■ **INFORMATION SHOWN**:
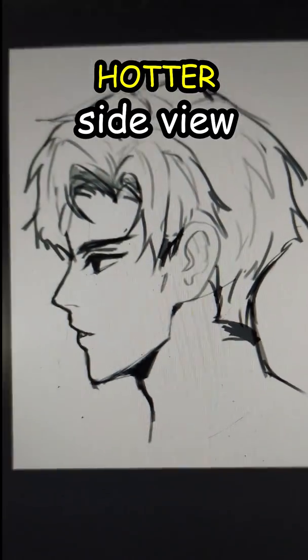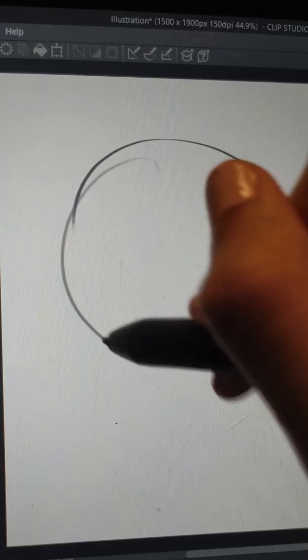Alright, here's a hotter way to draw side view characters. First, draw a circle, then draw this triangle shape thing.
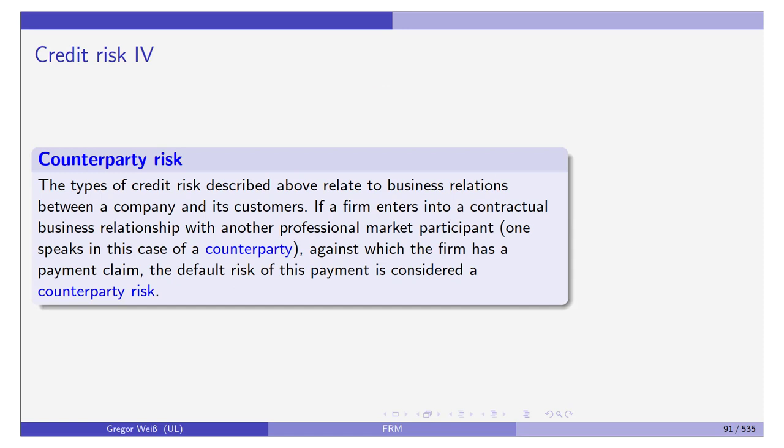Counterparty risk is also credit risk. Every time you enter a contract, it might be that you're owed money or need to deliver something. If your contract partner in a loan or supply contract defaults, you probably lose money — but it can be more delicate.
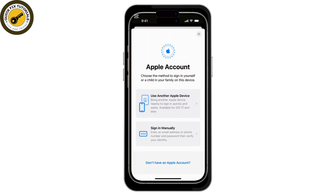You'll be asked if you want to merge your iPhone data with the new iCloud account. If you choose Merge, your contacts, calendars, and other data will sync with the new account. If you prefer to keep things separate, tap on Merge accordingly.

■ **EXERCISE INSTRUCTIONS**:
Retype the data above exactly; pictures are not part of the copy.

■ **EXERCISE OUTPUT**:
Alright, here's a hotter way to draw side view characters. First, draw a circle, then draw this triangle shape thing.
Counterparty risk is also credit risk. Every time you enter a contract, it might be that you're owed money or need to deliver something. If your contract partner in a loan or supply contract defaults, you probably lose money — but it can be more delicate.
You'll be asked if you want to merge your iPhone data with the new iCloud account. If you choose Merge, your contacts, calendars, and other data will sync with the new account. If you prefer to keep things separate, tap on Merge accordingly.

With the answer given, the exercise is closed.